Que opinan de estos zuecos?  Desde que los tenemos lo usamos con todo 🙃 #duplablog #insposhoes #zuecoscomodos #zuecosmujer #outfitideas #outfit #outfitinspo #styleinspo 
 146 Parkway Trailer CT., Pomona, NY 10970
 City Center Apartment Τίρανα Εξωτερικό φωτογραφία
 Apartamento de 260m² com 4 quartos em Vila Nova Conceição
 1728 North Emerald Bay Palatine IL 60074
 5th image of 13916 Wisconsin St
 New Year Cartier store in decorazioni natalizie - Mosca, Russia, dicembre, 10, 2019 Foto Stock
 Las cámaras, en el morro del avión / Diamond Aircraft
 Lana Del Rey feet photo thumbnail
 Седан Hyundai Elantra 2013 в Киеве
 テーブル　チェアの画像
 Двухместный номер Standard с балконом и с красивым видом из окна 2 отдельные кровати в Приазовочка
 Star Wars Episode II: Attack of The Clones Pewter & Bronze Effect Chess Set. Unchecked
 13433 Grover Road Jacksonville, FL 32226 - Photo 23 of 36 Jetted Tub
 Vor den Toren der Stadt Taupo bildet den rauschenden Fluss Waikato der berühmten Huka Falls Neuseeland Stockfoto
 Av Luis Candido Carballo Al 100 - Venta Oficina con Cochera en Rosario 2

☆ ☆ ☆

REQUIRED ACTION
Send back every line of the listing above exactly.

RESULT
Que opinan de estos zuecos?  Desde que los tenemos lo usamos con todo 🙃 #duplablog #insposhoes #zuecoscomodos #zuecosmujer #outfitideas #outfit #outfitinspo #styleinspo 
 146 Parkway Trailer CT., Pomona, NY 10970
 City Center Apartment Τίρανα Εξωτερικό φωτογραφία
 Apartamento de 260m² com 4 quartos em Vila Nova Conceição
 1728 North Emerald Bay Palatine IL 60074
 5th image of 13916 Wisconsin St
 New Year Cartier store in decorazioni natalizie - Mosca, Russia, dicembre, 10, 2019 Foto Stock
 Las cámaras, en el morro del avión / Diamond Aircraft
 Lana Del Rey feet photo thumbnail
 Седан Hyundai Elantra 2013 в Киеве
 テーブル　チェアの画像
 Двухместный номер Standard с балконом и с красивым видом из окна 2 отдельные кровати в Приазовочка
 Star Wars Episode II: Attack of The Clones Pewter & Bronze Effect Chess Set. Unchecked
 13433 Grover Road Jacksonville, FL 32226 - Photo 23 of 36 Jetted Tub
 Vor den Toren der Stadt Taupo bildet den rauschenden Fluss Waikato der berühmten Huka Falls Neuseeland Stockfoto
 Av Luis Candido Carballo Al 100 - Venta Oficina con Cochera en Rosario 2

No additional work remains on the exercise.